Stefano Bucci, Corriere della Sera 09/08/2009, 9 agosto 2009
LA GUERRA INFINITA TRA CHRISTIE’S E SOTHEBY’S
La nottata è dunque passata. Nonostante quel pericoloso vizio di «volersi fare guerra a tutti i costi» che da sempre sembra attanagliare (almeno secondo l’ Herald Tribune ) le due più grandi case d’asta del mondo. E così, «nonostante i potenziali venditori appaiano più restii di una volta a mettersi in mostra» e «nonostante non ci siano in giro tanti capolavori come accadeva nei tempi d’oro», ecco che i compratori sono tornati finalmente in crescita anche nel resto del mondo e non solo in Italia. «Soprattutto negli ultimi mesi – dicono all’unisono i due avversari Christie’s e Sotheby’s – le cose sono decisamente migliorate, il peggio l’abbiamo passato tra novembre e dicembre » .

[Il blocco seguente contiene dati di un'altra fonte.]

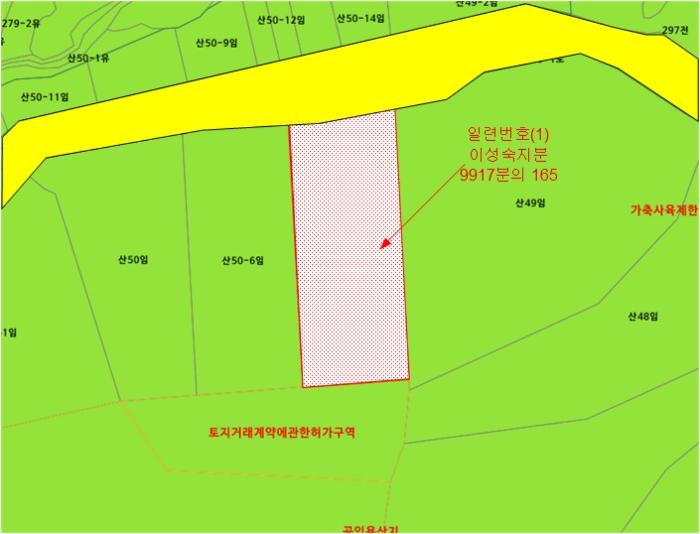 법원경매 2024타경70537 사진17 | 시흥시 월곶동 임야 경매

Quella tra Christie’s e Sotheby’s è, in fondo, la storia di una passione mancata o meglio ancora di un amore che non c’è mai stato. Oltretutto, questa «pericolosa battaglia per la supremazia» (sono parole del critico Souren Melikian) non è mai stata particolarmente produttiva per le due case d’asta. Prendiamo ad esempio, gli anni Settanta quando la contrapposizione raggiunse livelli «di guardia». Con l’idea di conquistare il maggior numero di clienti (venditori o compratori che fossero) ecco che Christie’s e Sotheby’s presero alla lettera la voglia di stupire tipica dei Glamorous Seventies. Così a New York, la battaglia venne essenzialmente giocata prima di tutto sulle location: Sotheby’s senza alcuno sprezzo del pericolo (e dei costi) si accaparrò dieci piani in un raffinato palazzo sulla York Avenue, secondo molti un vero e proprio museo «capace di far risaltare al meglio ogni cosa venisse messa in vendita». Per non essere da meno, Christie’s, che non poteva comunque gareggiare con la magnificenza dell’edificio scelto dalla concorrenza, puntò essenzialmente su una collocazione «top», il Rockfeller Plaza.

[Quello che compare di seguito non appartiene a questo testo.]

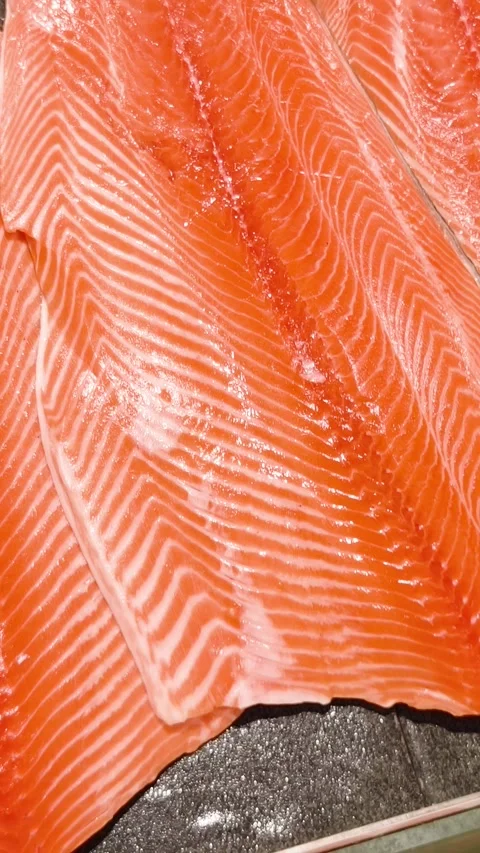 4K Vertical close-up shot of fresh raw salmon fillet texture Stock Footage 336199355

Che questa guerra non fosse già allora produttiva lo dimostrerà il fatto che entrambe le illustri location saranno poi (negli anni Novanta) messe in vendita. Eppure, niente cambiò. Perché lo scontro si spostò sui cataloghi che cominciarono a diventare sempre più corposi, sempre più patinati, sempre più simili a veri e propri «coffee table book» natalizi. Anche qui poi il tempo avrebbe portato entrambe a ben più miti consigli e oggi i cataloghi appaiono certo curatissimi ma ridotti per dimensioni e per qualità della carta. Difficile, certo, pensare a una guerra conclusa. Anche perché, è qui è ancora il critico dell’ Herald Tribune a mettere il dito nella piaga, «fa parte della natura umana, gioire delle disgrazie altrui». Al di là della filosofia e guardando alla ripresa, non conviene a Christie’s gioire «perché nei primi sei mesi del 2009 si è accaparrato il 64% del mercato globale ». Conviene invece pensare, con il nemico di sempre, a una strategia comune.